Statisticians usually think of very specific kinds of influence, e.g. A is exactly twice B, or grows exponentially as B grows. But when making a Theory of Change, we often need many other kinds of influence, perhaps more or less vague or fuzzy. For example, I am pretty sure that if my son had a bad day at school he is more likely to start an argument with his sister. Even though I couldn’t start to formulate this in terms of a strictly mathematical function, I still may need to be able to include this influence in any Theory of Change about my son’s behaviour at home.

Moreover, in this example we suspect that a bad mood does not always result in a fight but merely increases the chances of a fight - so the Rule is probabilistic, not deterministic.

Independence of influence Variables

We should also remind ourselves of the very important but often overlooked condition that all the other possible paths in a Mechanism are zero. In the kind of single-step Mechanisms we are discussing here, this just means that the influence Variables are causally independent of one another. (We already know that they are logically independent, see the definition of Mechanism, above.)

Incomplete Rules

Notice that our definition above does not require that every Level of A is assigned a unique and discrete Level of B, allowing for probabilistic Rules, see below. Also the Rule might only concern some Levels of A while being agnostic about other Levels15. So we might perhaps know that very high temperatures will make a lizard sleepy, and medium temperatures might make it active, without having any idea what its behaviour is at very cold temperatures.

What do the arrows mean? Causation, the mysterious force?

In this book I avoid using the words “cause” and “causality”; instead we talk about one Variable influencing another. When many Earthlings hear the word “cause” they tend to think of one Variable totally controlling another, whereas in real life such cases are rare. Most influences are partial, and it seems more natural to talk about a partial “influence” than about a partial “cause”.

A link in a diagram says that the presence of arrows from A (and possibly B, and C) to X implies at a minimum that at least some changes in A can affect the expected Level of X for at least some settings of B and C. So the arrow doesn’t represent a secret force called causality or anything else, it only says if you are going to predict or control this consequence Variable, you are going to have to consider this influence Variable. That’s all we mean by “causal connection”.

Actually, if you like, it is the absence of arrows between a given pair of Variables which is a stronger statement, because it implies these two Variables are causally independent (which is arguably a stronger claim).

We could say that causal explanations are explanations which follow a particular pattern, rather than explanations which invoke a particular force or phenomenon. Bertrand Russell claimed xx that scientists don’t actually talk about causation; as Pearl (Pearl 2000) points out, it is true that we don’t see words like “cause” in the body of scientific theories, but scientists use these words informally all the time. Pearl and colleagues have introduced a new and very useful kind of calculus (a mathematical language) which does indeed allow us to discuss “cause” and, for example, prove theorems about the difference between causal and merely correlational relationships.

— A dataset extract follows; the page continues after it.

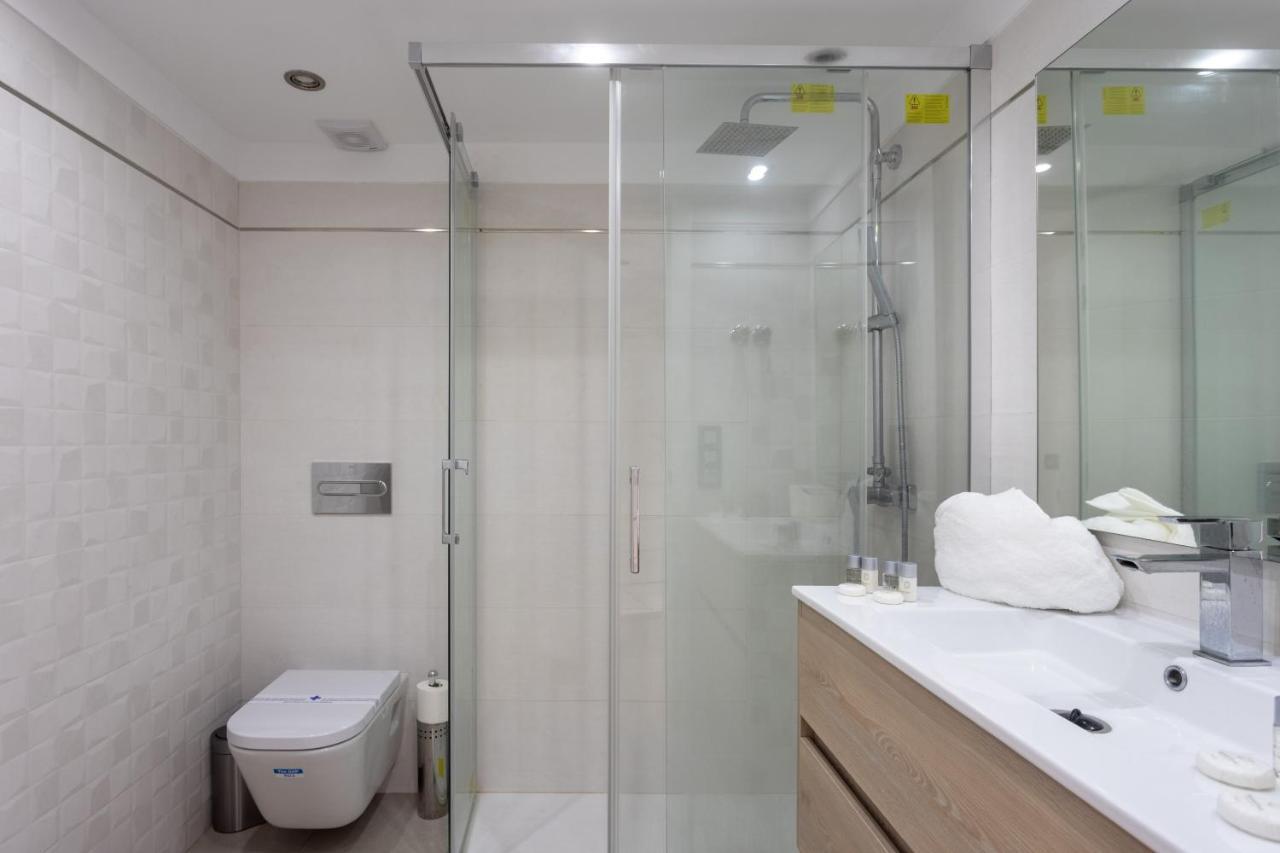 Playa San Juan Perfect Stay By Sunkeyrents Zewnętrze zdjęcie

How is the algorithm to be specified?

It doesn’t matter how the rules are specified as long as there is intersubjective agreement. They can be as ambiguous as you like as long as there is intersubjective agreement also about the ambiguity. So, say, they might be specified only for one unusual level of a parent variable, for which the influence on the child variable is set out, and for all the others there is no information. As long as almost everyone agrees on this understanding of the rule, we have a valid Rule. Equally, the Rules give may give you probabilistic predictions. Traditionally, this is modelled by introducing an error variable.

Specific and general Mechanisms and Theories

When we use the word “Mechanism” in everyday life, or when we assert a Theory, and especially when talking about science, we tend to mean quite a general idea. So we might say the Theory of gravitation applies across the whole universe for almost the whole of time. The way we use the word “Mechanism” and “Theory” in this book and indeed in project monitoring and evaluation in general is a bit different because here we are much less interested in ideas which are generally true - except perhaps as a source of knowledge which we can apply - and much more interested in specific contexts. See chapter xx. Variables (and Theories) can be more or less general or specific with reference to context and in particular with reference to time. In particular they can be valid for just one time-point or set of time-points, or more generally for relative time (if you do X in this school year, you will probably get result Y in the next school year ….). We will deal with this more in the chapter on Context. ## Zooming in, zooming out{.inprogress}

The child who kept asking “and what’s inside that black box” died of exhaustion.

Theorymaker native speakers say they are zooming in when they replace a simple Theory with a composite Theory which reproduces the same Rule; and they say they are zooming out when they do the opposite; replacing a composite Theory with a simple Theory (with all the same exogenous Variables) with the equivalent Rule, i.e. a Rule which produces the same results on the output Variable.

However, just as with transformations of (sets of) Variables, these transformations of Theories & Mechanisms are not unproblematic.

In the correlational paradigm, they are innocuous.

If you think of a Rule as purely extensional (a mapping from some finite set of input configurations to a Variable with a finite set of Levels, i.e. a probability distribution on the set of all the combined Variables), there is no problem. But when Rules may be iterative, and/or when they are subject to unpredictable interference (see open systems, xx), it is in general no longer possible to understand Rules in a purely extensional way.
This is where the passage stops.